Situada junto à localidade de Santillana del Mar, na província da Cantábria, a 30km da sua capital, Santander, em Espanha, a Gruta de Altamira ocupa, a vários títulos, um lugar de destaque na arte parietal paleolítica dos finais do Pleistocénico Superior. Desde logo, pelas circunstâncias da sua descoberta e pela enorme polémica que a mesma gerou nos meios científicos da época.

Com efeito, remonta à segunda metade do século XIX, mais concretamente ao ano de 1868, o achado fortuito da entrada da cavidade, levado a cabo por um caçador local, Modesto Cubillas.

Tendo comunicado a sua descoberta a um ilustrado advogado local, Marcelino Sanz de Sautuola, este haveria de efectuar uma primeira visita a Altamira, no ano de 1875. Então, limitou-se a identificar nas galerias mais profundas uma série de sinais de carácter de abstracto, não lhes concedendo particular importância. Quatro anos mais tarde, em 1879, realizou nova visita à gruta, desta feita na companhia de sua filha Maria, de nove anos de idade. E foi esta quem, dada a sua pequena estatura e ao afastar-se do pai por alguns instantes e penetrar sozinha numa sala lateral da cavidade, descobriu o hoje célebre grande painel policromo representado no tecto do referido espaço.

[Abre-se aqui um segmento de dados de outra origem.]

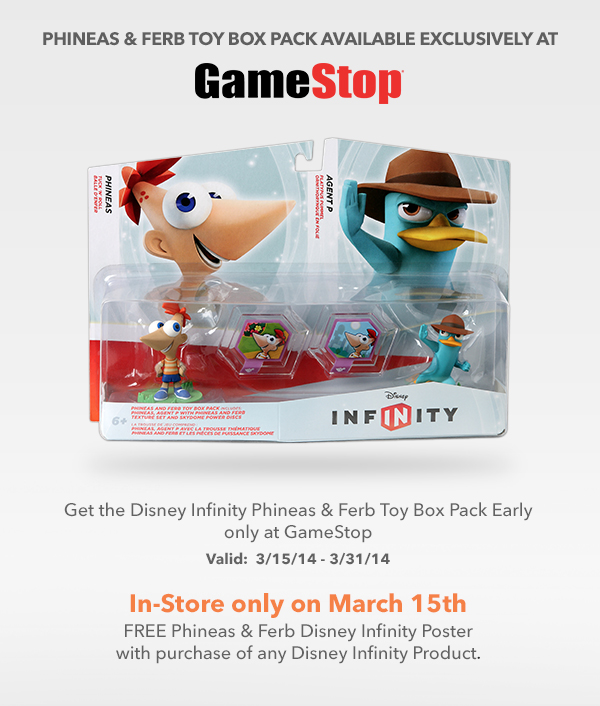 Phineas & Ferb Toy Box Set Available Exclusively at GameStop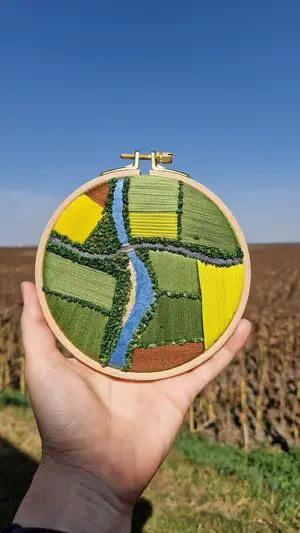 Мініатюра Поля з річкою 1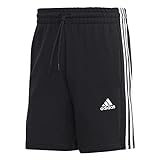 adidas Essentials French Terry 3-stripes Shorts, Pantaloncini Uomo, Nero, M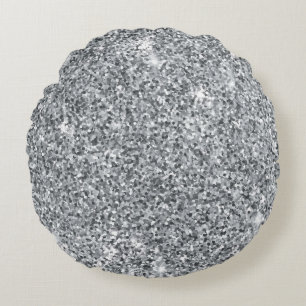 Almofada Redonda Silver Stone Gary Dourado Marble Purple Glitter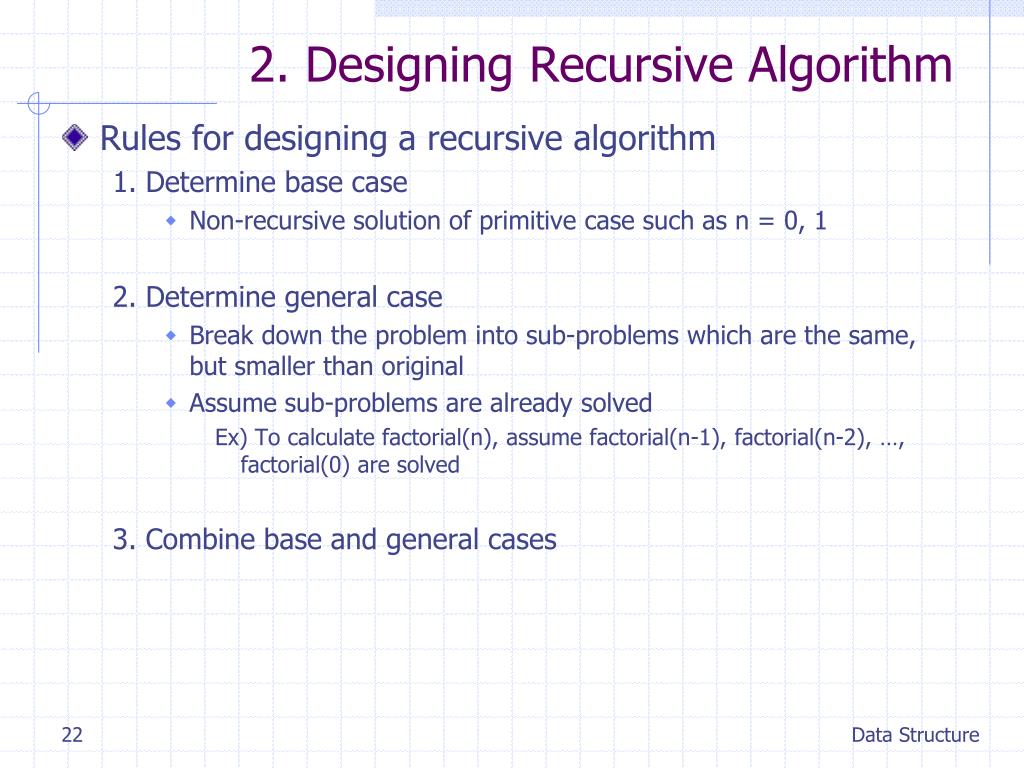 PPT - 02. Recursion PowerPoint Presentation, free download - ID:4038338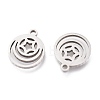 Non-Tarnish 304 Stainless Steel Charms STAS-A047-20P-2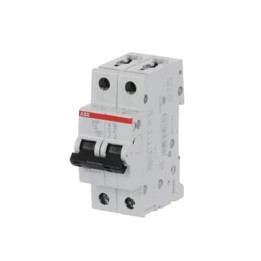 ABB Miniature Circuit Breaker Curve C 6-10kA 2A 10kA 7.5kA 400VAC-125VDC (S202-C2)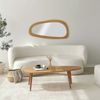 Dmora Wohnzimmertisch Eugenia, Niedriger Wohnzimmertisch, Kaffeeregal, Couchtisch für Sofa, 115x50h38 cm, Eiche Bild 5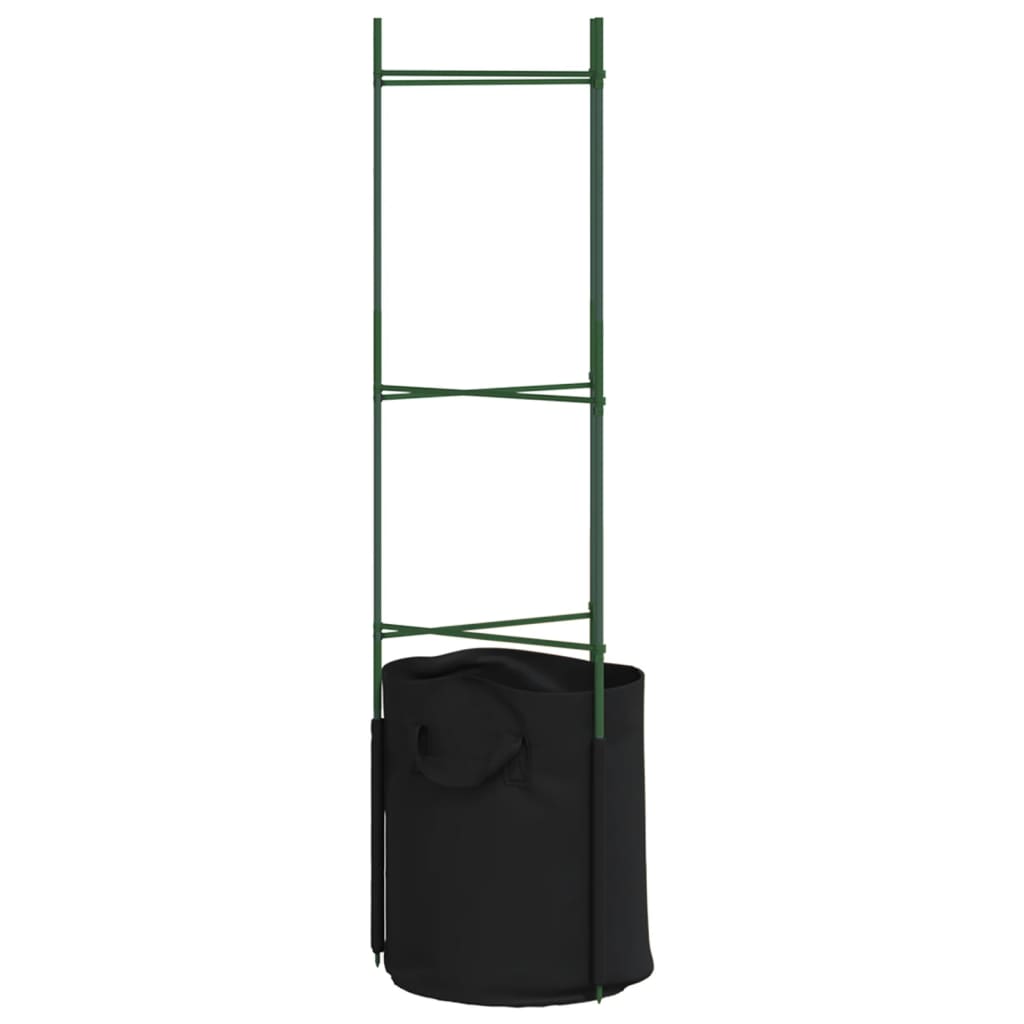Suportes para tomateiros com sacos 8 pcs 116 cm aço e PP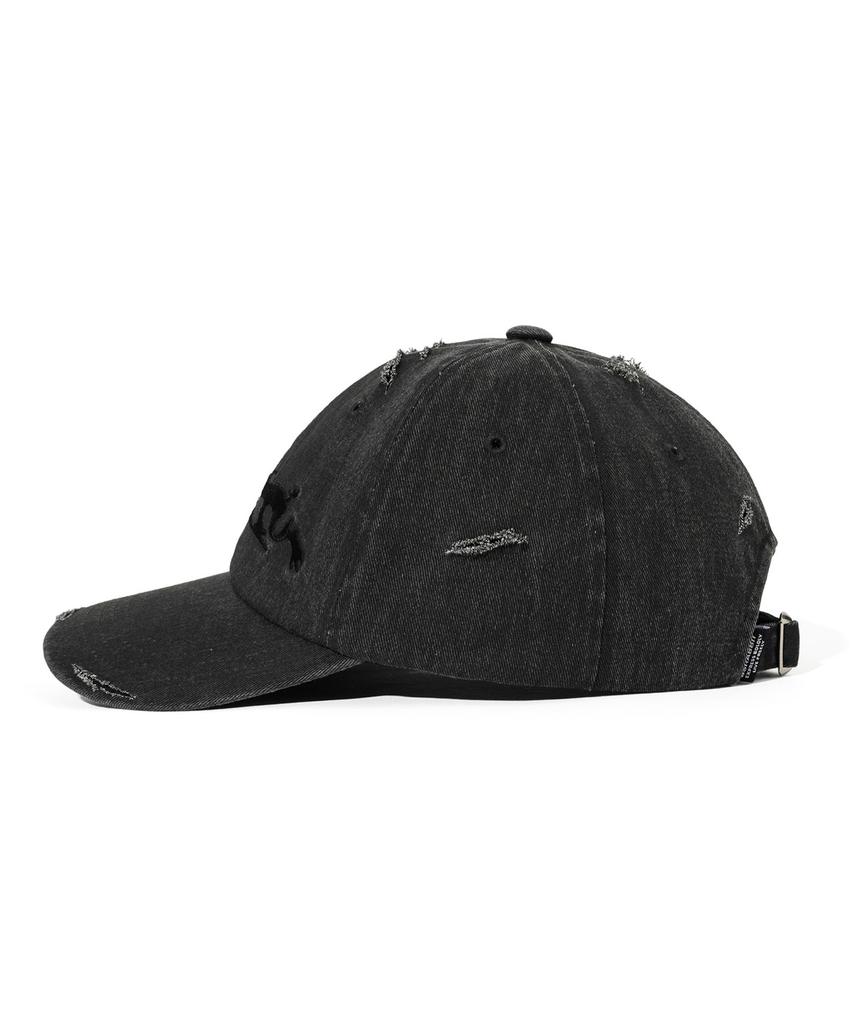 Bieseulaebis Dirty Washed Cotton Cap Charcoal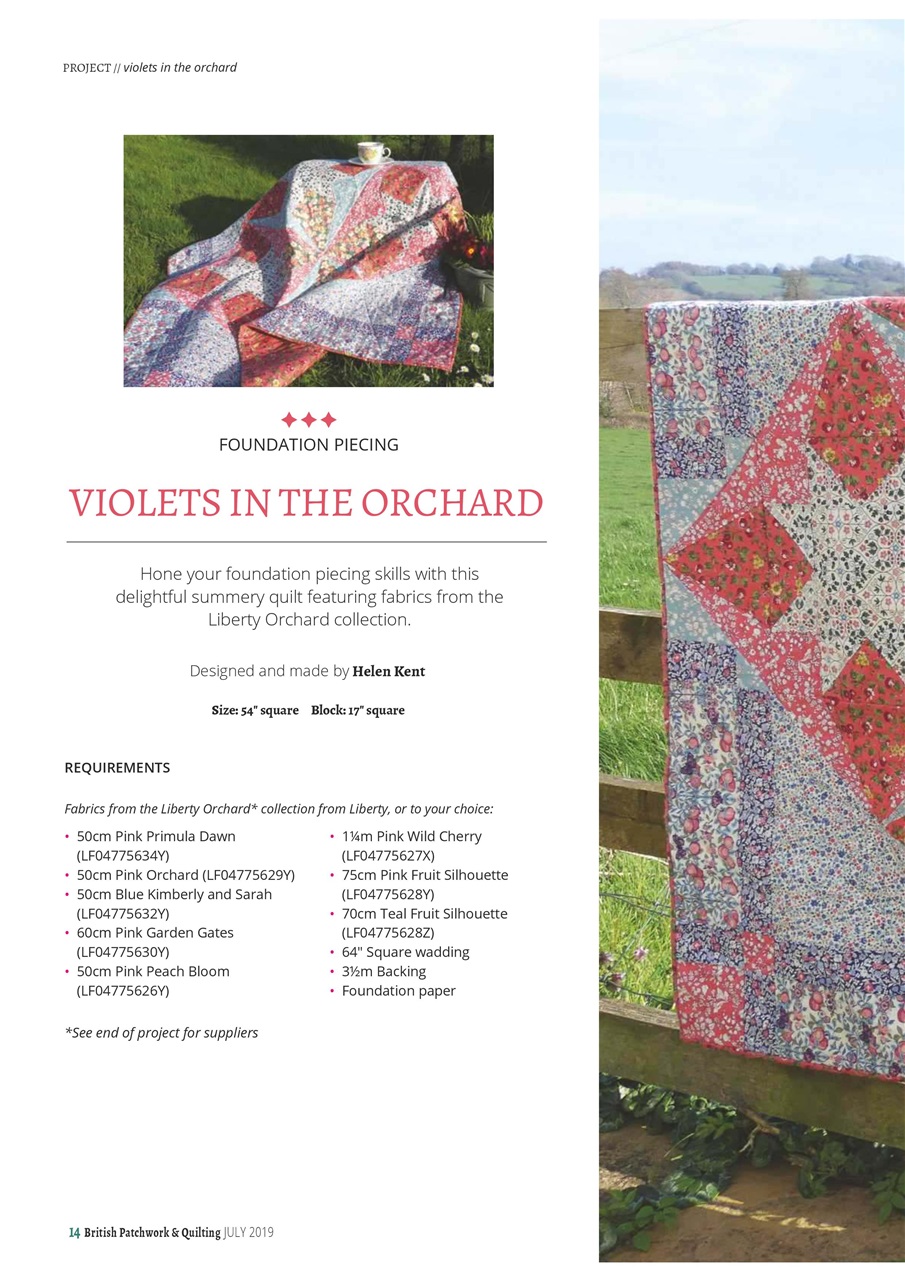 Patchwork and Quilting Preview Pages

Entusiasta atento das realidades da Pré-História europeia, com as quais havia directamente contactado aquando da visita efectuada, em 1878, ao Pavilhão de Antropologia da Exposição Universal de Paris, Sanz de Sautuola rapidamente se apercebeu da importância e significado da sua descoberta, ao estabelecer uma comparação entre as pinturas observadas em Altamira e as representações já conhecidas no âmbito da arte móvel, nomeadamente aquelas que ele próprio havia observado provenientes de várias grutas do Sul de França.

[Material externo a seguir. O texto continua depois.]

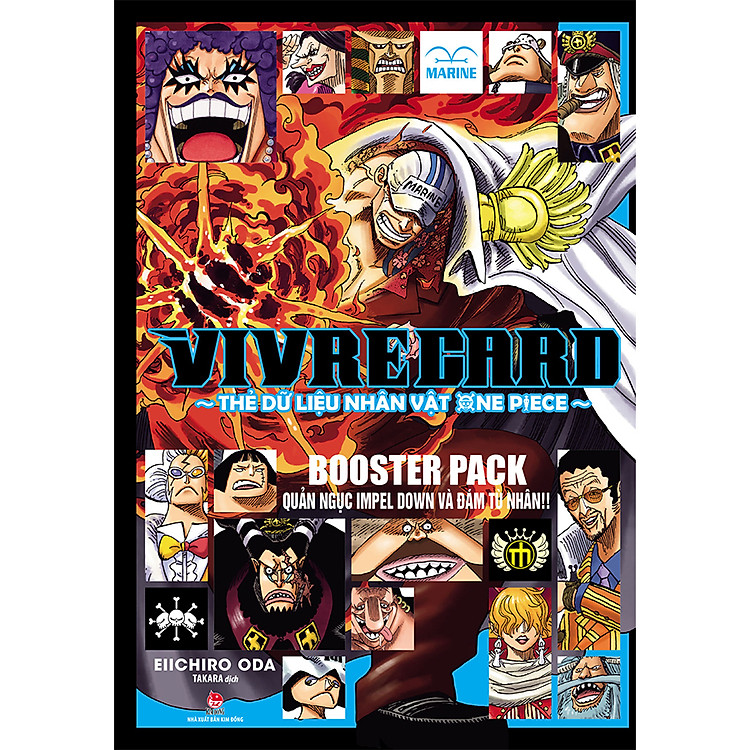 Vivre Card - Thẻ Dữ Liệu Nhân Vật One Piece Booster Pack - Quản Mục Impel Down Và Đám Tù Nhân!!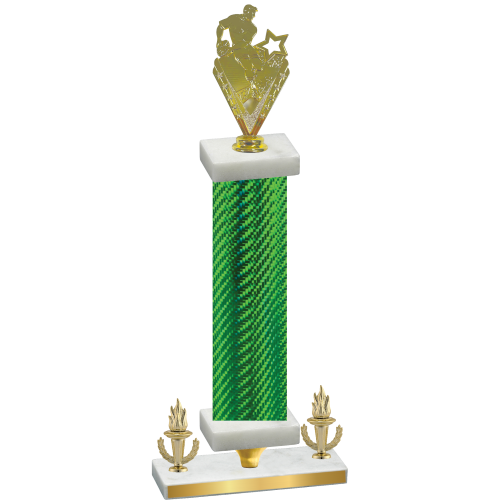 Premium Single Green Carbon Fiber Victory Rugby Trophy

Assim, fundamentando-se no conhecimento científico da época e numa análise comparativa, Sanz de Sautuola publicou, em 1880, um pequeno trabalho, hoje célebre, intitulado “Breves apuntes sobre algunos objetos prehistóricos de la província de Santander”, no qual defendeu a tese de uma cronologia paleolítica para as representações de Altamira.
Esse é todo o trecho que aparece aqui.